A study shows that exposure to cold temperatures activates a system specialized in eliminating protein aggregates involved in cell aging.
It has been known for several years that a moderate decrease in body temperature is associated with longer lifespan. This is particularly striking in cold-blooded animals (poikilotherms) such as certain species of fish whose exposure to low temperature (15°C) significantly increases longevity.
This phenomenon is also observed in endotherms (warm-blooded animals) such as rodents: when mice are exposed to cold to lower their body temperature by 0.5°C, their lifespan is prolonged, while it decreases if we increase the temperature by 0.5°C. .
It is also possible that slight cooling of the body is beneficial to human health: for example, although normal body temperature has long been assumed to be 37°C (with variations of fractions of degrees during the day), recent data suggest that lower This temperature has decreased by about 0.03 degrees Celsius every decade since the Industrial Revolution and is now about 36.6 degrees Celsius.
It is suggested that this woman, which can reduce the risk of chronic infections due to a better treatment of infections and the use of anti-inflammatories, to contribute to long-term observation in a course of 150 Last few years. (1)
To better understand how cold affects longevity, German researchers looked at protein aggregates that accumulate inside cells during aging.

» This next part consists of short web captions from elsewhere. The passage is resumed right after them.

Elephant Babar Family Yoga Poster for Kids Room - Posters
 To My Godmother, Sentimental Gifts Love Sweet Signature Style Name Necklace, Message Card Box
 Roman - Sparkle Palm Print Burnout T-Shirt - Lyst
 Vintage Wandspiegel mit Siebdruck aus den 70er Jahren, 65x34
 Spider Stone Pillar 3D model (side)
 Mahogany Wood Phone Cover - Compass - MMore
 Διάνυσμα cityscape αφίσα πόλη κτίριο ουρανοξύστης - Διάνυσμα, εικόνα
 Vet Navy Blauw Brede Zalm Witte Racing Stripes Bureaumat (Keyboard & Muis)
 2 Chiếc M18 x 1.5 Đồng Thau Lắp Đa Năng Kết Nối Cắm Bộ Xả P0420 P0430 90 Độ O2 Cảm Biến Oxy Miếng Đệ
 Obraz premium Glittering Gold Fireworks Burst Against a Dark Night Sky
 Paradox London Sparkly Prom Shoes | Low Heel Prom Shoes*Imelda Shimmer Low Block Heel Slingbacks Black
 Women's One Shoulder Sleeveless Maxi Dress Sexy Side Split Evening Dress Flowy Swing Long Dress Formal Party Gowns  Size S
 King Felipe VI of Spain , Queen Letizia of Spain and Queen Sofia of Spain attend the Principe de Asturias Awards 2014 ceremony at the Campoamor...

These aggregates, resulting from defects in the three-dimensional conformation of proteins that make them insoluble, are highly toxic to the cell and over time cause loss of function in the affected organs. (2)
This is particularly striking for neurodegenerative diseases such as Alzheimer's disease, Huntington's disease, or amyotrophic lateral sclerosis (ALS) (known as Lou Gehrig's disease or Charcot's disease), all of which result from the buildup of abnormal combinations of certain proteins.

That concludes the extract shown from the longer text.